Raney Hamon v. Hamilton White

234 S.W. 229, 1921 Tex. App. LEXIS 992
CourtCourt of Appeals of Texas
DecidedOctober 12, 1921
DocketNo. 6595.
StatusPublished
Cited by1 cases

This text of 234 S.W. 229 (Raney Hamon v. Hamilton White) is published on Counsel Stack Legal Research, covering Court of Appeals of Texas primary law. Counsel Stack provides free access to over 12 million legal documents including statutes, case law, regulations, and constitutions.

Bluebook
Raney Hamon v. Hamilton White, 234 S.W. 229, 1921 Tex. App. LEXIS 992 (Tex. Ct. App. 1921).

Opinion

SMITH, J.

Appellees were engaged in the cattle business, with ranches in Kinney, Val Verde, and Terrell counties. Appellants were engaged in buying and selling cattle in the same section of the state. Appellant Hamon had been in the cattle business in that section for 15 years. Early in February, 1920, appellants contracted with appellees for 500 cattle. The cattle were brought from appel-lees’ Kinney county ranch and delivered to appellants at Standart, in Kinney county, on February 20, at which time appellants made another contract with appellees by which the latter agreed to deliver 160 cattle to ap- *230 pellees at Uvalde, at a stipulated price. It was agreed that this bunch should “average up” with the cattle in the first bunch in class, condition, and quality. In pursuance of this contract appellees shipped 160 cattle from their Terrell-Val Verde county ranch to Standart, and appellants agreed to and did receive them there, on March 2d or 3d, after inspecting them and finding them to very fully “average up” with the first bunch, so far as outward appearances disclosed their condition.

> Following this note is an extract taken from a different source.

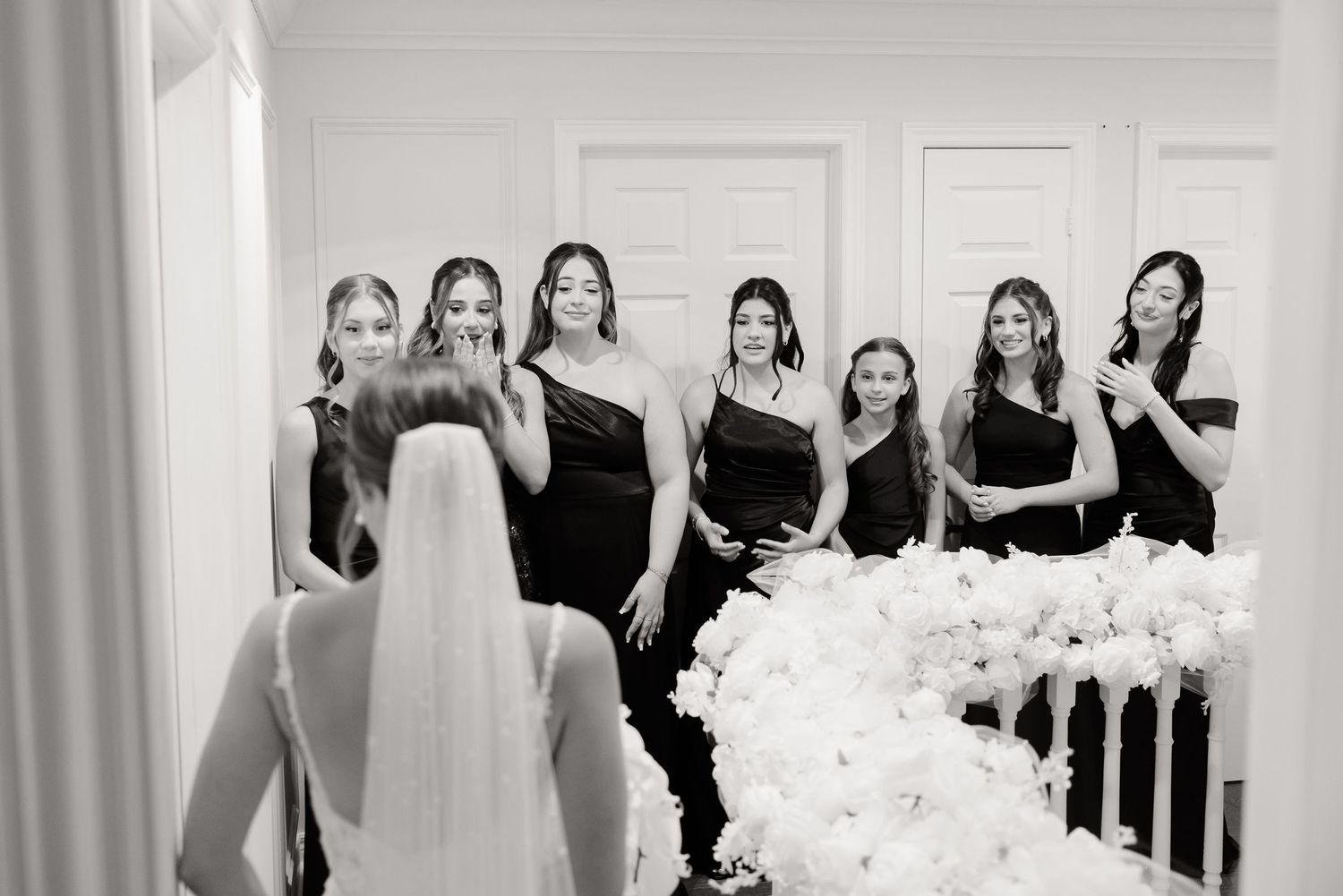 A black and white wedding photo captures a candid moment with bridesmaids in elegant black dresses gathered in a room.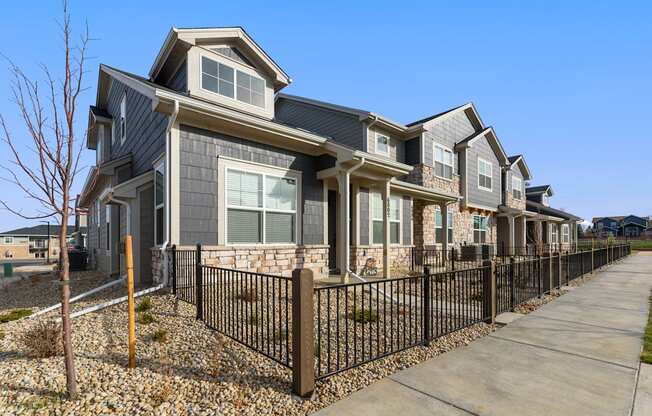 a row of houses with a sidewalk and a fence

The state live stock quarantine line, at this time, was marked by the Pecos river, which runs along the east line of Terrell county and from there down through the western portion of Val Verde county, traversing one of appellees’ ranches. There is a settled theory, which was developed in this ease, that cattle ranging below, or east of, this line, are infested with a certain species of ticks, which renders them immune from the Texas or tick fever, which is often fatal to cattle; that cattle ranging above, or west of, this line, are not so infested or immune, and when driven or shipped into the territory below the line become infested with ticks, which communicate the fever to the cattle, with fatal results.

After appellants accepted delivery of the cattle at Standart on March 2d or 3d, they shipped them to Uvalde, where they were unloaded and placed in a nearby pasture on March 6th. On March 7th or Sth one of the cattle died, and during the next two or three weeks 40-odd others died, the evidence tending strongly to show, ,if not conclusively showing, that they all died of Texas or tick fever, although no symptoms of the infection were apparent when they were unloaded on March 6th.

Appellants sued appellees for damages occasioned by the loss of the cattle, alleging that when the contract was made appellees represented and warranted the cattle to average up with the first bunch, to be “good, sound, and merchantable,” that they were to come from below the quarantine line, and that they were ticky and immune from the tick fever.

Upon the trial, and in response to special issues, the jury found: (a) That the appel-lees did not warrant that the cattle “were ticky cattle, from below the tick or quarantine line, and not susceptible to, but immune from, Texas or tick fever”; (b) that appel-lees did warrant that the cattle “were all good, sound, and merchantable at the time of making the contract”; and (c) that none of the cattle were “diseased at the time of the making of said sale.” In response to these findings the court rendered judgment In favor of appellees, this appeal resulting.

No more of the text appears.